WHAT THE TASK ASKS —
Nothing but the lines from the top of the following entries through the line with "第四北越銀行神田中央支店周辺の地図" should be printed, exactly as they are.
..........
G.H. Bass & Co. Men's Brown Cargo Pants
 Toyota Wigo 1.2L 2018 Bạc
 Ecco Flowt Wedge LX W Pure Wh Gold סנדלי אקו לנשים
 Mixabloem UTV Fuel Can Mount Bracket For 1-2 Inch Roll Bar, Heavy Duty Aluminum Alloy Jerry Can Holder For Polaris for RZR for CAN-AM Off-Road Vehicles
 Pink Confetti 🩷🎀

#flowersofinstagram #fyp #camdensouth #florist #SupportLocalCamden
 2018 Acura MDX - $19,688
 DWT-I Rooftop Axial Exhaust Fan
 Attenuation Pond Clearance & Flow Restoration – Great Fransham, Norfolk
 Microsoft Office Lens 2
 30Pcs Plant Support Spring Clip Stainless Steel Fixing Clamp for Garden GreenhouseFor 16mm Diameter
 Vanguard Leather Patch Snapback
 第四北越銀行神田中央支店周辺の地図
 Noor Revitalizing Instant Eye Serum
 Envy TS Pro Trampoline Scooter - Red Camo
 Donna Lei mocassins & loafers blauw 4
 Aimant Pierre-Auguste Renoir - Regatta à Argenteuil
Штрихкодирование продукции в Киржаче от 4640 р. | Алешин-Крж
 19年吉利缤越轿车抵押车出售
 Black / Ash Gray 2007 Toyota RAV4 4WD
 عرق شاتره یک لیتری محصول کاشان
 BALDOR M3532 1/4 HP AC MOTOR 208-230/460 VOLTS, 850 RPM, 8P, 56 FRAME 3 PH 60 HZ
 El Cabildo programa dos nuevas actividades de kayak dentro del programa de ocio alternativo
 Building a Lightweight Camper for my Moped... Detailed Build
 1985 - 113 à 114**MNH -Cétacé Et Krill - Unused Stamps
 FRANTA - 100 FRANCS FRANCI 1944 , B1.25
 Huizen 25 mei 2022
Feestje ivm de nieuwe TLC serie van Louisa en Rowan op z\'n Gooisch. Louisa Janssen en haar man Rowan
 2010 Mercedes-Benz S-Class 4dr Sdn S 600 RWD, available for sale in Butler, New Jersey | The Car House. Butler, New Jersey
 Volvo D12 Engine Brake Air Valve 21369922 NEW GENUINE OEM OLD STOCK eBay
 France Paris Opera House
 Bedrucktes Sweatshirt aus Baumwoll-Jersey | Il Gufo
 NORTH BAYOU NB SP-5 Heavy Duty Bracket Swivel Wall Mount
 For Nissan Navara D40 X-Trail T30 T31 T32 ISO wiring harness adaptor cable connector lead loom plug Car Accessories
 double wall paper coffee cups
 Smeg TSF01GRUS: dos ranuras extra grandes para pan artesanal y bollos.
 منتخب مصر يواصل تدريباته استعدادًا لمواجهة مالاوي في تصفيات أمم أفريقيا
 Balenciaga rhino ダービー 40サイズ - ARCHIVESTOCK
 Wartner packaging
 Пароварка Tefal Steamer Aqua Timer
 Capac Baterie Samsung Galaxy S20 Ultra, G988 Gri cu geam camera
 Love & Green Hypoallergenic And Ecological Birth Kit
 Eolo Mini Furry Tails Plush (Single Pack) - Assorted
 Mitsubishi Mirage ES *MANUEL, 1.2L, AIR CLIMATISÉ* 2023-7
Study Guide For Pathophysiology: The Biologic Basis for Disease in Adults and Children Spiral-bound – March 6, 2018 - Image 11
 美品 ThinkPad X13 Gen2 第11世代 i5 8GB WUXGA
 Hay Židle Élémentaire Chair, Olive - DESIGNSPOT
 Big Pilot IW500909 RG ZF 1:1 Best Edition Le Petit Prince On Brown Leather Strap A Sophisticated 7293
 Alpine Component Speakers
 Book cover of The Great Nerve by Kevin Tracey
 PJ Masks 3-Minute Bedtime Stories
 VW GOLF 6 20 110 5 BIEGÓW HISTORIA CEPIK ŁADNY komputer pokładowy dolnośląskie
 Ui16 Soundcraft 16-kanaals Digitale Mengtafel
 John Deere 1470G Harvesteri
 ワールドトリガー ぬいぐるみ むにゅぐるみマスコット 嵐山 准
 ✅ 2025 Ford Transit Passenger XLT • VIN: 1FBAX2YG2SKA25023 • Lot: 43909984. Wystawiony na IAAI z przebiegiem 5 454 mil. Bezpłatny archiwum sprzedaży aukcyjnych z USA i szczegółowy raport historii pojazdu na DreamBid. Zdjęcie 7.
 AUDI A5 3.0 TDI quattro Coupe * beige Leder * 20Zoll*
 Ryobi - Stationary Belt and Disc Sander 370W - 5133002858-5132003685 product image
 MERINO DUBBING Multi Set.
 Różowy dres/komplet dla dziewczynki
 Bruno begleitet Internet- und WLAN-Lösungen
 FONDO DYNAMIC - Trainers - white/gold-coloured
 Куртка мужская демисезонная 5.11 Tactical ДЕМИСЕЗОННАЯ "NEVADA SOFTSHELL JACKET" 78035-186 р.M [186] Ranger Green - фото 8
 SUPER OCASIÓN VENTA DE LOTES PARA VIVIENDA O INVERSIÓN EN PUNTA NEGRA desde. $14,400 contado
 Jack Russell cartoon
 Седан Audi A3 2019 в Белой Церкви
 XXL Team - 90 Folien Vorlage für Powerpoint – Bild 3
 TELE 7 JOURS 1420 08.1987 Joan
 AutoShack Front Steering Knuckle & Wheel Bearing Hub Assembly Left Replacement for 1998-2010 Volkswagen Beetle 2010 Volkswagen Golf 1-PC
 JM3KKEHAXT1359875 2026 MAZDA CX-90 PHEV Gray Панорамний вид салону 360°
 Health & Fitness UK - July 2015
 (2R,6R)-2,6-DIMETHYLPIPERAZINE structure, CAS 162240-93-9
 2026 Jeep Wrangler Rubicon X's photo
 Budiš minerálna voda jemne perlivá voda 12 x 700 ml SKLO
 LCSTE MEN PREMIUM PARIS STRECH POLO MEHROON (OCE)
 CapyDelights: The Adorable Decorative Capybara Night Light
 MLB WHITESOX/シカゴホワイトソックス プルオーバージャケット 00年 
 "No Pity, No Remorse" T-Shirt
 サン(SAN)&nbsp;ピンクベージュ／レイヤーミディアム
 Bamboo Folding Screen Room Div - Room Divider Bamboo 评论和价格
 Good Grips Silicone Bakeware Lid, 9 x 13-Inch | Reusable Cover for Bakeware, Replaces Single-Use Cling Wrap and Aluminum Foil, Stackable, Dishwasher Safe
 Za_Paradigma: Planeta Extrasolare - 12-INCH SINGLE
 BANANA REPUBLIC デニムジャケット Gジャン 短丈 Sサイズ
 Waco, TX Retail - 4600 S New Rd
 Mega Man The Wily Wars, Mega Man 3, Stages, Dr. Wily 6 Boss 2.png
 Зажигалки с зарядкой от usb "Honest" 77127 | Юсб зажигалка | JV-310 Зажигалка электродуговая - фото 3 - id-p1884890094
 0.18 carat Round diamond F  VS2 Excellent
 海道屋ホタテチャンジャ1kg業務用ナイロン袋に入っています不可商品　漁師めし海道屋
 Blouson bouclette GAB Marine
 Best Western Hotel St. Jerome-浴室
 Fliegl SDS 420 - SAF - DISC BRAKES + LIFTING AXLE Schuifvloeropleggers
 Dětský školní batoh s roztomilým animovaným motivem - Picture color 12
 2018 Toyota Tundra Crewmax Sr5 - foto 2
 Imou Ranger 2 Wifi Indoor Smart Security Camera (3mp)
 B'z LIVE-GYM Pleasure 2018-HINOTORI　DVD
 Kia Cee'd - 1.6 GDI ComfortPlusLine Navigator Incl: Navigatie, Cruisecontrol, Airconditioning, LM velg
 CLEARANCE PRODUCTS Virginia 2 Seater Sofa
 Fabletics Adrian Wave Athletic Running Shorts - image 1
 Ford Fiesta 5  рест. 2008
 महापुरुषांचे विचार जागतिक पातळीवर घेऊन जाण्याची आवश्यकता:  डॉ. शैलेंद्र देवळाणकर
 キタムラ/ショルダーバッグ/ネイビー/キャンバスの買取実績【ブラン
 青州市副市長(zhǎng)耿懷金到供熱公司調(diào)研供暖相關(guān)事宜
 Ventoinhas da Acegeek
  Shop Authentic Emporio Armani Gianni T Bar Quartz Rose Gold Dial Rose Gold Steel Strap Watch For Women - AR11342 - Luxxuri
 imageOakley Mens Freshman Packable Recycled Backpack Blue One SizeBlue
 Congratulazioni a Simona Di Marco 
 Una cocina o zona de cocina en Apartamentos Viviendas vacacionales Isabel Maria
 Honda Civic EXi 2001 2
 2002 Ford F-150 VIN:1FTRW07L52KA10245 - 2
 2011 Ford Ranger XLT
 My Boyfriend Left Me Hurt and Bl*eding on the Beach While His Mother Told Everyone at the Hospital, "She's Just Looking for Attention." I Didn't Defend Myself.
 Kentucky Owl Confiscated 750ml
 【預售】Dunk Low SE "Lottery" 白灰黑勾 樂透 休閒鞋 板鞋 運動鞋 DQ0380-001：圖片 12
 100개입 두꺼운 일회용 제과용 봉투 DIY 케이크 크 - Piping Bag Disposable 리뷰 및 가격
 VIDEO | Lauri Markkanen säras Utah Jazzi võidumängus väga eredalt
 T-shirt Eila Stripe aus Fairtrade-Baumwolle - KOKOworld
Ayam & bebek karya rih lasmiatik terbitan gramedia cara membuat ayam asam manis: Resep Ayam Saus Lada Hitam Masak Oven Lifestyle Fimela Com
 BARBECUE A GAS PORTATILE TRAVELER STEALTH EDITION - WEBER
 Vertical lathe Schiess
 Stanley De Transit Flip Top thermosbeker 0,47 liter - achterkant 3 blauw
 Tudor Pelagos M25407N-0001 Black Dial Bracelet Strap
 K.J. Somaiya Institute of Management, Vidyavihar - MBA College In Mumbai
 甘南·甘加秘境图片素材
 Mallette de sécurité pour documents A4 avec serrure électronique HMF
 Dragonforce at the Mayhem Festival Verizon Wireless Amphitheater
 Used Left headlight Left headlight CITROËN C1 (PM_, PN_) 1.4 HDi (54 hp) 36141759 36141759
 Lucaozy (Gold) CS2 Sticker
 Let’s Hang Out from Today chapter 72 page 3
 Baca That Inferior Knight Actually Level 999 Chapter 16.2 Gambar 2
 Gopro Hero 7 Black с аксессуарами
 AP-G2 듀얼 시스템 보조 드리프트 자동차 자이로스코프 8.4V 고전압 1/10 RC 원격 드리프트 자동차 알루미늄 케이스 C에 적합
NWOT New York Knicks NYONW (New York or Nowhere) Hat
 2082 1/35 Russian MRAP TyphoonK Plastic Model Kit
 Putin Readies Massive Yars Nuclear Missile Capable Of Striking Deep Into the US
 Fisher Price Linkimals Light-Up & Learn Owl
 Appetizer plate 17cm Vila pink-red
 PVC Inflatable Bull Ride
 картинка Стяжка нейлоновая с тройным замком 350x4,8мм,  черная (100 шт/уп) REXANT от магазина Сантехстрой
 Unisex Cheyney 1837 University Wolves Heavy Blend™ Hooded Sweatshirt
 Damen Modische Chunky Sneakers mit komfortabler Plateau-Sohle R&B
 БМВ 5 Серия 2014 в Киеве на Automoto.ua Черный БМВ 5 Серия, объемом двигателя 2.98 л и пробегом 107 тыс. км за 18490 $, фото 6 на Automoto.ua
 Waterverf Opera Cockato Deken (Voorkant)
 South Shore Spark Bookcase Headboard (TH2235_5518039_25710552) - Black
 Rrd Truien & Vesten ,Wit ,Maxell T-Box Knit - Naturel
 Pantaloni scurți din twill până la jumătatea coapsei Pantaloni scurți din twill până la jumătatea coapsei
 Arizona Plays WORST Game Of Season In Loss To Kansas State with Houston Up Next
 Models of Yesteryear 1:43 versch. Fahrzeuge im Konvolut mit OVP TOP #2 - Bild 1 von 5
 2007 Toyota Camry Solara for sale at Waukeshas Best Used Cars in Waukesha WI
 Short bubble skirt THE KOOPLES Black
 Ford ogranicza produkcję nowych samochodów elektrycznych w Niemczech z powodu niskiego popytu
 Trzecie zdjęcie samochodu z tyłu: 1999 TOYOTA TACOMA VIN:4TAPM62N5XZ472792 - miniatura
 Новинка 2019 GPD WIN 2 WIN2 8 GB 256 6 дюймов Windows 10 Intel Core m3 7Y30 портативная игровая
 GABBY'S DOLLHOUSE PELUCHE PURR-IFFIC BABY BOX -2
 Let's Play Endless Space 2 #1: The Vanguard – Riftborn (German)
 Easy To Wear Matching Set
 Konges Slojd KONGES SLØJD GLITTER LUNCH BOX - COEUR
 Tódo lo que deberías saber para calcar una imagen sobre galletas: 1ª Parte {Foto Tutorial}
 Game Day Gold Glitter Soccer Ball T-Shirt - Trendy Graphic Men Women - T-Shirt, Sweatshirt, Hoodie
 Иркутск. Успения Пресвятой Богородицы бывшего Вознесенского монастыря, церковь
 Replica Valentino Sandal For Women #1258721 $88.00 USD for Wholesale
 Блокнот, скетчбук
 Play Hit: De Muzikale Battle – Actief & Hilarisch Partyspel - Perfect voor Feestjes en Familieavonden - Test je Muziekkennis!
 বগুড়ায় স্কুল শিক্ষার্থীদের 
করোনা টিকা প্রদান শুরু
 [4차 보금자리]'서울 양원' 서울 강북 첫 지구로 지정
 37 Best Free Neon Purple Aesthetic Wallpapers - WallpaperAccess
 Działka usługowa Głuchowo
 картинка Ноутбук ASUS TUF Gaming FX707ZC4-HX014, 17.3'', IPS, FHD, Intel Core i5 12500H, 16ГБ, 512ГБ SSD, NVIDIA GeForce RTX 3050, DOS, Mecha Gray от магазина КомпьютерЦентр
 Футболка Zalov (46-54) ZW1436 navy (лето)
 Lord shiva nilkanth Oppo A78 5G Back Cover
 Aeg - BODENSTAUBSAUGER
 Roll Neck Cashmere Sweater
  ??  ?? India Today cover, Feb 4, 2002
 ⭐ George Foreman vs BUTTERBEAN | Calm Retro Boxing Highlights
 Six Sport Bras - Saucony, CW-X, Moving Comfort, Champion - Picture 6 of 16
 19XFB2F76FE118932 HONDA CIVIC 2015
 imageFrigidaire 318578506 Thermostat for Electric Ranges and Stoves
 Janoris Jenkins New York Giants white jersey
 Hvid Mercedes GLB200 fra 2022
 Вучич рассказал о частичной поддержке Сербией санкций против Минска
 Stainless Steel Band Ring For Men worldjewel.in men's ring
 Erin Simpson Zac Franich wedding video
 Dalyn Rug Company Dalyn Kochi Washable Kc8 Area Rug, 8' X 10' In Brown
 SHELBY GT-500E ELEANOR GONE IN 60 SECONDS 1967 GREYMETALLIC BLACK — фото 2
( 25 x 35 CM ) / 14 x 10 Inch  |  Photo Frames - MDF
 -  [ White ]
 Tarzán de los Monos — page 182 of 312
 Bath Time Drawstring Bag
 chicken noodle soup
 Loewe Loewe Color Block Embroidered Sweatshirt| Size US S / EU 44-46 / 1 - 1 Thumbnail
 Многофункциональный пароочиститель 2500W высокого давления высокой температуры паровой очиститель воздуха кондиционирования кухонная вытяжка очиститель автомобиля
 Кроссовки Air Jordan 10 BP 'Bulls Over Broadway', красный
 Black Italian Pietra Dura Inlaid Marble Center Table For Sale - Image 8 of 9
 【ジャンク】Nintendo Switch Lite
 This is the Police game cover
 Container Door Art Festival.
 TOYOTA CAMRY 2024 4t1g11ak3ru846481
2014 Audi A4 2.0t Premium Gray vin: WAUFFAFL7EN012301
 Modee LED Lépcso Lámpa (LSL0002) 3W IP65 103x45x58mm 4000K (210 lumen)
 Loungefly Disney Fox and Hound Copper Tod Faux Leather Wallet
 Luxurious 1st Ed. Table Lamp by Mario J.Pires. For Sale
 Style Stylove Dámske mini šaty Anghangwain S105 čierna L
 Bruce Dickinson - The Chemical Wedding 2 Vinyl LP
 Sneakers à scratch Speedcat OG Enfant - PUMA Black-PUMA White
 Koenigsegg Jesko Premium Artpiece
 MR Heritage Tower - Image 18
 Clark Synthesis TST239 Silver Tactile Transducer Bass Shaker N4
..........
EXPECTED ANSWER —
G.H. Bass & Co. Men's Brown Cargo Pants
 Toyota Wigo 1.2L 2018 Bạc
 Ecco Flowt Wedge LX W Pure Wh Gold סנדלי אקו לנשים
 Mixabloem UTV Fuel Can Mount Bracket For 1-2 Inch Roll Bar, Heavy Duty Aluminum Alloy Jerry Can Holder For Polaris for RZR for CAN-AM Off-Road Vehicles
 Pink Confetti 🩷🎀

#flowersofinstagram #fyp #camdensouth #florist #SupportLocalCamden
 2018 Acura MDX - $19,688
 DWT-I Rooftop Axial Exhaust Fan
 Attenuation Pond Clearance & Flow Restoration – Great Fransham, Norfolk
 Microsoft Office Lens 2
 30Pcs Plant Support Spring Clip Stainless Steel Fixing Clamp for Garden GreenhouseFor 16mm Diameter
 Vanguard Leather Patch Snapback
 第四北越銀行神田中央支店周辺の地図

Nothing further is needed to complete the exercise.